During his tenure at Rolling Stone from 1970 to 1973, Grover Lewis produced several standout articles and profiles, primarily on film sets and actors, marked by immersive reporting, extended direct quotations, and a commitment to verbatim transcription that retained natural speech elements such as filler words and hesitations. This approach, rooted in rigorous accuracy and observational depth, distinguished his work and influenced the magazine's coverage of movies and music. Among his most celebrated contributions was “Splendor in the Short Grass,” published in the September 2, 1971 issue, which chronicled the on-set atmosphere and personalities during the filming of Peter Bogdanovich’s adaptation of Larry McMurtry’s novel The Last Picture Show, establishing a benchmark for narrative film journalism at the magazine. Lewis also appeared briefly in the film in a small role as the father of the character Sonny. That same year, he profiled Barbra Streisand in “The Jeaning of Barbra Streisand,” published June 24, 1971, capturing her life and work through extended interviews and observations. Lewis turned his attention to other film figures with pieces such as “Robert Mitchum: The Last Celluloid Desperado,” written on the set of The Friends of Eddie Coyle, which presented candid anecdotes from the actor that Mitchum later found embarrassing despite the piece's factual grounding in taped conversations. He profiled Paul Newman in “The Redoubtable Mr. Newman,” published in 1973, and documented Sam Peckinpah’s volatile directing process during the making of The Getaway in “Sam Peckinpah in Mexico,” published in 1972. Lewis ventured into music coverage with “Hitting the Note with the Allman Brothers Band,” published in late 1971 shortly after Duane Allman’s fatal motorcycle accident on October 29, which detailed the band’s road life, including heavy drug use and hedonistic excess, and provoked lasting controversy and resentment from band members, particularly Gregg Allman, who never forgave the portrayal. These works highlighted Lewis’s focus on unvarnished truth through prolonged immersion and precise quotation, even when the results proved divisive.

Later career

Freelance writing and other publications

Following his departure from Rolling Stone in 1973, Grover Lewis worked as a freelance writer, contributing to Playboy and Oui magazines.
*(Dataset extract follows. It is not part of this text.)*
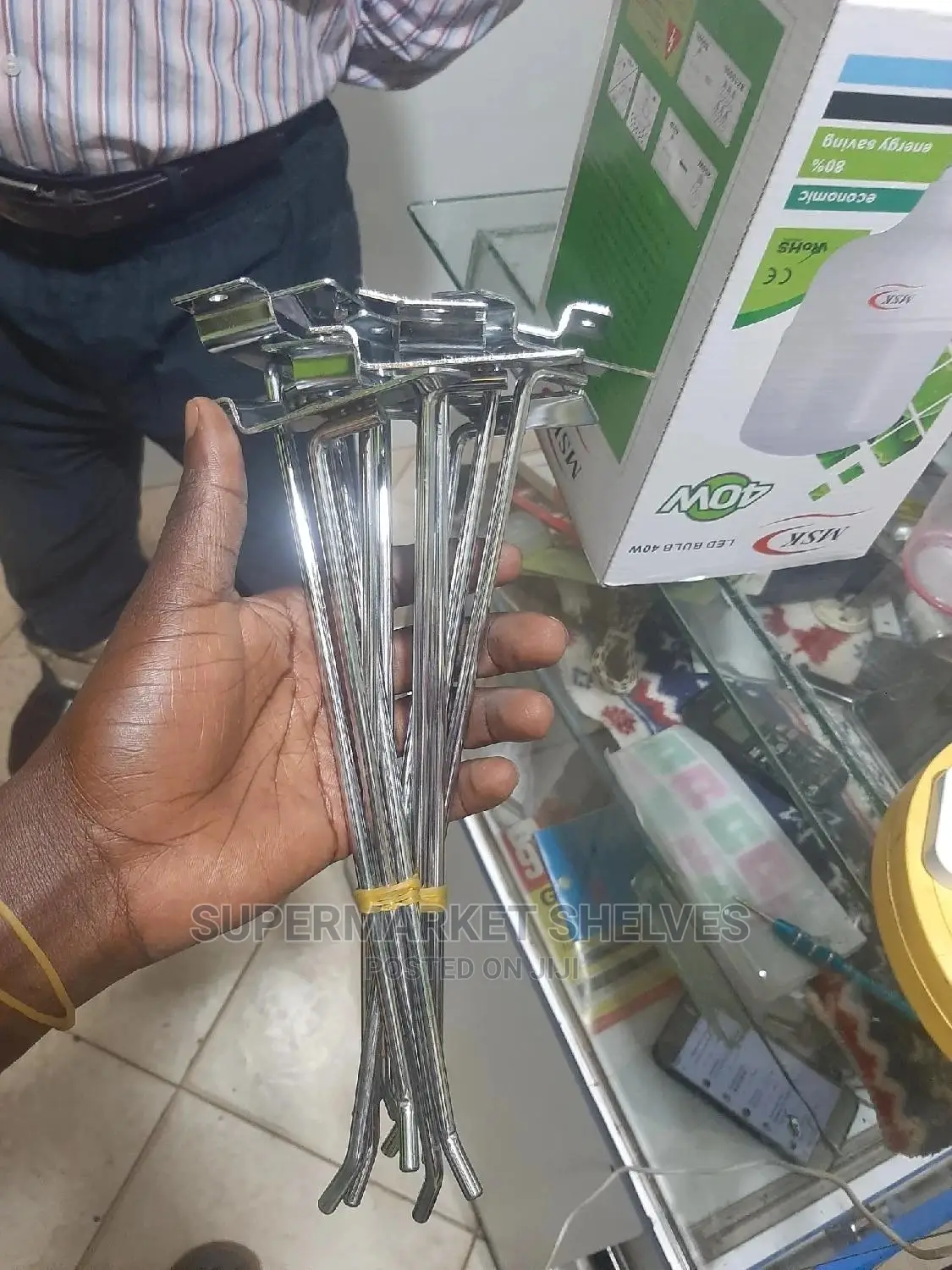 Display Hooks In All Size 6,8,10 On Sale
In late 1976, he relocated to Los Angeles and began writing for New West magazine (later renamed California), where he produced several notable pieces. His cover feature for the March 27, 1978, issue, “The Shooting of Larry Flynt: An Eyewitness Account by Grover Lewis,” described the assassination attempt on publisher Larry Flynt outside a Georgia courthouse, an event Lewis witnessed while walking just steps behind Flynt. Another New West article, “Buried Alive in Hype: My Years Among The Reality Vultures,” received a National Magazine Award nomination in 1979. Freelance magazine assignments grew more elusive during the 1980s, prompting Lewis to shift toward contributions to newspapers and other outlets, including stories and book reviews for The Washington Post, the Los Angeles Times Sunday Magazine, the Los Angeles Times Book Review, and the St. Petersburg Times. He also served as book editor for Movieline magazine, where he wrote the “Cut and Print” column. In 1992, Lewis returned to personal themes with “Farewell to Cracker Eden” in Texas Monthly, an article confronting memories of his childhood in Oak Cliff that earned a PEN West journalism award nomination in 1993. The success of that piece led to a 1993–1994 contract with HarperCollins (under editor Judith Regan) for a memoir titled Goodbye If You Call That Gone, though the project remained unfinished due to his declining health. In 1993, Lewis published the cover story “The Killing of Gus Hasford: The Rise and Fall of a Short-Timer” in LA Weekly. His output diminished in his final years as lung cancer took hold, and he died on April 16, 1995.

Writing style and impact

Film appearances

Grover Lewis made minor appearances in two films during his journalism career, both while reporting on their productions.
  • In ''The Last Picture Show'' (1971), he appeared as Mr. Crawford.
  • In ''The Candidate'' (1972), he appeared as Grover Lewis (Rolling Stone).
No other film appearances are documented.